What is needed:
Find "3415 Stone Way" and "Jul Tomte med röd spade Runt Klistermärke" in the records below. Copy the lines holding them and every line between, exactly, and no others.

Segment Start: Extracted entries

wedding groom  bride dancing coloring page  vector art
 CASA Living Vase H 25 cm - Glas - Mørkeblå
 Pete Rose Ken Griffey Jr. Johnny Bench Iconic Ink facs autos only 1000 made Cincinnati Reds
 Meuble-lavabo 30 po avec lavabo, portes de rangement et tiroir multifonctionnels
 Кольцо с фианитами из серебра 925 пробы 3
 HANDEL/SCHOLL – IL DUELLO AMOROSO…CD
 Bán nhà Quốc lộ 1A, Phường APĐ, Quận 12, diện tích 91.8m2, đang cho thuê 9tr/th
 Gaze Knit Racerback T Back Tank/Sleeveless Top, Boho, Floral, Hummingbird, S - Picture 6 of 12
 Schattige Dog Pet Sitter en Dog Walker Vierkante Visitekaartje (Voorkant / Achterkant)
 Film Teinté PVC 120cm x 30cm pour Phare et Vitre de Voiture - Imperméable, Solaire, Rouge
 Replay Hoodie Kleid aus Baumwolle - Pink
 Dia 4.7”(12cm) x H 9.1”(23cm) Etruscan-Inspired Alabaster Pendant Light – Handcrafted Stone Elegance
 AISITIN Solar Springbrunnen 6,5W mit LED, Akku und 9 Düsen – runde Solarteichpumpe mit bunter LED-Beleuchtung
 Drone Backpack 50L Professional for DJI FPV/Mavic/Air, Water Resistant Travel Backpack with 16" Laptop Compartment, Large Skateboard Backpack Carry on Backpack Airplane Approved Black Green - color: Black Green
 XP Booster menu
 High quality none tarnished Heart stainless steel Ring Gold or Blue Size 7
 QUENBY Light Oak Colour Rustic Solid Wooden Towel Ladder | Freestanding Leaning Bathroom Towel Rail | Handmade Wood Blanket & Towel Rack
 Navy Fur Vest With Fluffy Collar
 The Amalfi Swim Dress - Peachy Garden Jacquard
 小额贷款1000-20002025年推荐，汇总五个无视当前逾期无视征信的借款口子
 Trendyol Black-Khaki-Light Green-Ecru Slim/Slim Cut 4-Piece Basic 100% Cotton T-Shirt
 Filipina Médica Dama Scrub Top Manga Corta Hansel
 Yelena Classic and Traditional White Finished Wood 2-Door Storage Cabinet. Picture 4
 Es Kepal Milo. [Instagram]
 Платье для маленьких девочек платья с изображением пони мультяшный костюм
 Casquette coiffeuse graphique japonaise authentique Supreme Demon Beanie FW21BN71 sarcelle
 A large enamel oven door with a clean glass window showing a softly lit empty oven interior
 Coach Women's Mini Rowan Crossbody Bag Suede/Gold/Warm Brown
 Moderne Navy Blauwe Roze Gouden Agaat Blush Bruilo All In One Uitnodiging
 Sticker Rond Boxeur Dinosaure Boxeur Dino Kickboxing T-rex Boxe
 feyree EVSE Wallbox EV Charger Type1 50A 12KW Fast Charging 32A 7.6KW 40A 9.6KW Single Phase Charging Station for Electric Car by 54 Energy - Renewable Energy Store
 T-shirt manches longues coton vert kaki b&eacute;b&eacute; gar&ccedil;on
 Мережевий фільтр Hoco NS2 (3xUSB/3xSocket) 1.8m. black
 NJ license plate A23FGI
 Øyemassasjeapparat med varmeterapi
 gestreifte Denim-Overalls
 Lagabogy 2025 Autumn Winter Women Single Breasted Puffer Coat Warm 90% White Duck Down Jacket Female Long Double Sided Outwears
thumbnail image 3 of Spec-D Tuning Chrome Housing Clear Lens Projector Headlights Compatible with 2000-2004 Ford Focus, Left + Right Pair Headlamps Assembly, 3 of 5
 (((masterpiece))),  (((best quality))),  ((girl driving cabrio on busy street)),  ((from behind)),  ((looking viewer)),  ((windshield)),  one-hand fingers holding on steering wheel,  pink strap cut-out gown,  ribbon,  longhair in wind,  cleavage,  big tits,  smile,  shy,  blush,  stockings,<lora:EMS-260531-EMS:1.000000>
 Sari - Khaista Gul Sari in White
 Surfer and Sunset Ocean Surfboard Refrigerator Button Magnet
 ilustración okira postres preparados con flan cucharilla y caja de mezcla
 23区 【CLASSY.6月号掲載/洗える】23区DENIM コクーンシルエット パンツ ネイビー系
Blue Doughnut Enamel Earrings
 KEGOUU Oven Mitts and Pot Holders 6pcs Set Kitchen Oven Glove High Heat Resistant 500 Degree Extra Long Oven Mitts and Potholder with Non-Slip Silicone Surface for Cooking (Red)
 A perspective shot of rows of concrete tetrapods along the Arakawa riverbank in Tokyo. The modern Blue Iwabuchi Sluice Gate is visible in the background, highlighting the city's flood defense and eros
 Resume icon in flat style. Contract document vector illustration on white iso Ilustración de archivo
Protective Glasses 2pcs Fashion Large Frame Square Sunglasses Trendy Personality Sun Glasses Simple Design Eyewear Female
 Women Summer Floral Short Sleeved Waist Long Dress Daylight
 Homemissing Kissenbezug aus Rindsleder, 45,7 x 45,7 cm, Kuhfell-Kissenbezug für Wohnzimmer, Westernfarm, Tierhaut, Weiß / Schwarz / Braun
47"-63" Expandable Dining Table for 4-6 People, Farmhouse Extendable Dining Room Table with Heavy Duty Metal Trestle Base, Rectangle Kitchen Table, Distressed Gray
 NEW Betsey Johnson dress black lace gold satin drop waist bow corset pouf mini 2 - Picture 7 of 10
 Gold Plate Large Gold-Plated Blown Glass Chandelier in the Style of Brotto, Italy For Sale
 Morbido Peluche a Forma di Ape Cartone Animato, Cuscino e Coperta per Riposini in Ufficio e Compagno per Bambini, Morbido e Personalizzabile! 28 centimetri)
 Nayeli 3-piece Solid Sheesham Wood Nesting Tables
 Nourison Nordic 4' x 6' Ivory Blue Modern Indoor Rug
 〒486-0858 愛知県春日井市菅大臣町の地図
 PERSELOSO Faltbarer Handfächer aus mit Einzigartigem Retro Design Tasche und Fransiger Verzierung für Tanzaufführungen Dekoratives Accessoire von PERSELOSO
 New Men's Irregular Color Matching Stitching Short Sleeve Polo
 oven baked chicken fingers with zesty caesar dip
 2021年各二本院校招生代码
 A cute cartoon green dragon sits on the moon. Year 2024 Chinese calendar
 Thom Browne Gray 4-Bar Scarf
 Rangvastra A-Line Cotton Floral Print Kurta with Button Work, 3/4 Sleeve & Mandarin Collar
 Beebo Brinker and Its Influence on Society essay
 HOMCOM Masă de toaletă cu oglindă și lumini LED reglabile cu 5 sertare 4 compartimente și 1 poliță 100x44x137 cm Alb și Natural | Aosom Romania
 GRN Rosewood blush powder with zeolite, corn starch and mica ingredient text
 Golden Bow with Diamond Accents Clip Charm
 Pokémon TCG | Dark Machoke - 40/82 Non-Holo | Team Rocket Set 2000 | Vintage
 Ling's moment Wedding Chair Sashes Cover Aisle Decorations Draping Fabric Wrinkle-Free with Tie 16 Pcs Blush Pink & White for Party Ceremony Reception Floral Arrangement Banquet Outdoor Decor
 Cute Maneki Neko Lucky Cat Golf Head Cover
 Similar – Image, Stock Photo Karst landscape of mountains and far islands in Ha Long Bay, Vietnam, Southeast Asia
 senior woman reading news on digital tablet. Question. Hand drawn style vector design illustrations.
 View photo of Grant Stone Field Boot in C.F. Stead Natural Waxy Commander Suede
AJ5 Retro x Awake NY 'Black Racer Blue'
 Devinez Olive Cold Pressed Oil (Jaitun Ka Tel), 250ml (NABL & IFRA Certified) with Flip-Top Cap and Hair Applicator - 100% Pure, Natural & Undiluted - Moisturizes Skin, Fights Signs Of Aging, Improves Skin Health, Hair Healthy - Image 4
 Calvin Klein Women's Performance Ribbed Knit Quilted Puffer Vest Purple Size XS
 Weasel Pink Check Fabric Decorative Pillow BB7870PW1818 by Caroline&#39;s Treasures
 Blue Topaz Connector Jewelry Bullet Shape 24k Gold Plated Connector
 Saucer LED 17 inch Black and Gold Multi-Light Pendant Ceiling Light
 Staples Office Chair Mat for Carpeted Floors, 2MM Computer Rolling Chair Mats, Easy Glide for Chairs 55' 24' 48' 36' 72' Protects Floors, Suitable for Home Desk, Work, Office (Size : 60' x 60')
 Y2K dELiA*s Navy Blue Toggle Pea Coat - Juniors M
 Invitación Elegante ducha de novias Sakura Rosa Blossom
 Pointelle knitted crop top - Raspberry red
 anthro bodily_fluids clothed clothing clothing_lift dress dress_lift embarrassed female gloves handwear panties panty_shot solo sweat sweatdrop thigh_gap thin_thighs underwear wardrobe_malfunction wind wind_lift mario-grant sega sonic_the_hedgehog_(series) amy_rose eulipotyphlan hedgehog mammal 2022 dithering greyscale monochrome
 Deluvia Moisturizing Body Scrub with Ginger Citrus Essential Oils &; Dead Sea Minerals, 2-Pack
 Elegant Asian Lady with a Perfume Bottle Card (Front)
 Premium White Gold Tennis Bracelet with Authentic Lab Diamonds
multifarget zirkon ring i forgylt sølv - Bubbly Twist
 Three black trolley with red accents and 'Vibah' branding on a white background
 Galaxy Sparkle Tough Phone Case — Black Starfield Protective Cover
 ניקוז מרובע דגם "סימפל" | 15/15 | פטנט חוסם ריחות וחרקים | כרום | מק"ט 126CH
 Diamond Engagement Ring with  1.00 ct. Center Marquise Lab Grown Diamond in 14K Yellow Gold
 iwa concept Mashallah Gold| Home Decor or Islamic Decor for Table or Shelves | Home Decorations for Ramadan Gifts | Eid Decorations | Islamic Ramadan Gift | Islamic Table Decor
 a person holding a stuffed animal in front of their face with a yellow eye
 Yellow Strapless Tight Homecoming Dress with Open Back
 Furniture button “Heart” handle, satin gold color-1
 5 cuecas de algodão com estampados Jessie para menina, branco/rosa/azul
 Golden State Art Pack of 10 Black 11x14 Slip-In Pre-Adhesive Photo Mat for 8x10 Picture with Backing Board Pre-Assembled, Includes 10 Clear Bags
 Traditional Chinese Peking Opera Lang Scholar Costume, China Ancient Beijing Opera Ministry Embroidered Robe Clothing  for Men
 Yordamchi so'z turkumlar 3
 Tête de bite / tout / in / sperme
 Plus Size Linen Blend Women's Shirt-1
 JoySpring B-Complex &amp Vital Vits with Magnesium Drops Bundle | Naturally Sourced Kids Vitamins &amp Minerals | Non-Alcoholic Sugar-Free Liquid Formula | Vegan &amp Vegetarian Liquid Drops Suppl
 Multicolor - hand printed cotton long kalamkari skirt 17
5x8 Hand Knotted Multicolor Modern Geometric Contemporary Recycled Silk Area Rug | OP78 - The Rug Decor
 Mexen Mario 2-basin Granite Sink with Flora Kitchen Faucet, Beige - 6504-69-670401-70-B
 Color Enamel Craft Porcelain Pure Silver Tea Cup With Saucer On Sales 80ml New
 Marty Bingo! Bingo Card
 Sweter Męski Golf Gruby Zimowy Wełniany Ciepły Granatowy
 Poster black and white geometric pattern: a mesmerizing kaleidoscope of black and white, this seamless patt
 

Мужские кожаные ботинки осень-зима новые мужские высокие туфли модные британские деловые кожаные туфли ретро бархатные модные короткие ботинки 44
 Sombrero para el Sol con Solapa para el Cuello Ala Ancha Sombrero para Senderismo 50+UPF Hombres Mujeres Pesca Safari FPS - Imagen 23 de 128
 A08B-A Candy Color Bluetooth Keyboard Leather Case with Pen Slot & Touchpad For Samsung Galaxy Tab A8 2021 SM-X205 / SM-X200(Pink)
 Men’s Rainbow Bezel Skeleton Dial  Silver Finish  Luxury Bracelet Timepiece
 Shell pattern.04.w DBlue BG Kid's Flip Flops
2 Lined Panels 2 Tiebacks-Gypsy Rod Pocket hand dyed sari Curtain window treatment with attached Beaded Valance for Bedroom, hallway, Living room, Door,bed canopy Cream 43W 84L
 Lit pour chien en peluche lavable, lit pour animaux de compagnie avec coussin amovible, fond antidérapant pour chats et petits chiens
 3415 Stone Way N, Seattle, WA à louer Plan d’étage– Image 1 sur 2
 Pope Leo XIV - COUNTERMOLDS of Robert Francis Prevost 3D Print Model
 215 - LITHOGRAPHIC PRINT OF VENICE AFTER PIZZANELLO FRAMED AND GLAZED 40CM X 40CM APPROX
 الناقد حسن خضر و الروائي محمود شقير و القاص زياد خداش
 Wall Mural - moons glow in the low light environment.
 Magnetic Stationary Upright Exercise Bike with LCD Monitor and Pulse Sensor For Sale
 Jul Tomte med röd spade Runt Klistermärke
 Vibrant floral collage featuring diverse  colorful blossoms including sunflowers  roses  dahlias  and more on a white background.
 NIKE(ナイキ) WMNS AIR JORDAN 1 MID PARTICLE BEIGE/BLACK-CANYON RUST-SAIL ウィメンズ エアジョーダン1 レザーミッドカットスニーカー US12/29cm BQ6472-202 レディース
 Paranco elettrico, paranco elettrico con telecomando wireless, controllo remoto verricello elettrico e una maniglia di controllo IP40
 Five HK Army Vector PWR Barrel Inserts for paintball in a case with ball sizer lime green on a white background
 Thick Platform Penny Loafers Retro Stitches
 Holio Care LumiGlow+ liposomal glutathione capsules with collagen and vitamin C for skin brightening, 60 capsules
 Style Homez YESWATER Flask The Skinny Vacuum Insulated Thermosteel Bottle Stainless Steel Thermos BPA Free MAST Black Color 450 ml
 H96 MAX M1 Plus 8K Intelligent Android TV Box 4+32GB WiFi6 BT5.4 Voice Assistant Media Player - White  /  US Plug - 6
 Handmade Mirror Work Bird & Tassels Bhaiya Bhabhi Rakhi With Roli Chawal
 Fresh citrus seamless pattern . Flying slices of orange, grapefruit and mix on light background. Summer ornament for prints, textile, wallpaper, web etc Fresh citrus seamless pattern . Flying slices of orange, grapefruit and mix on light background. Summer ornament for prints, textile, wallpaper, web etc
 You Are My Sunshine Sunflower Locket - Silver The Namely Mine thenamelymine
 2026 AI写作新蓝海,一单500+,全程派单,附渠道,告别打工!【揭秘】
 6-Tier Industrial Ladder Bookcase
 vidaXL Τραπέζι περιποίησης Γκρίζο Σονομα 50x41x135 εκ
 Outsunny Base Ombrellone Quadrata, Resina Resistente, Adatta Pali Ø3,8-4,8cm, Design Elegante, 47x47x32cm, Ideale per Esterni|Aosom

Segment End: Extracted entries

Solution:
 3415 Stone Way N, Seattle, WA à louer Plan d’étage– Image 1 sur 2
 Pope Leo XIV - COUNTERMOLDS of Robert Francis Prevost 3D Print Model
 215 - LITHOGRAPHIC PRINT OF VENICE AFTER PIZZANELLO FRAMED AND GLAZED 40CM X 40CM APPROX
 الناقد حسن خضر و الروائي محمود شقير و القاص زياد خداش
 Wall Mural - moons glow in the low light environment.
 Magnetic Stationary Upright Exercise Bike with LCD Monitor and Pulse Sensor For Sale
 Jul Tomte med röd spade Runt Klistermärke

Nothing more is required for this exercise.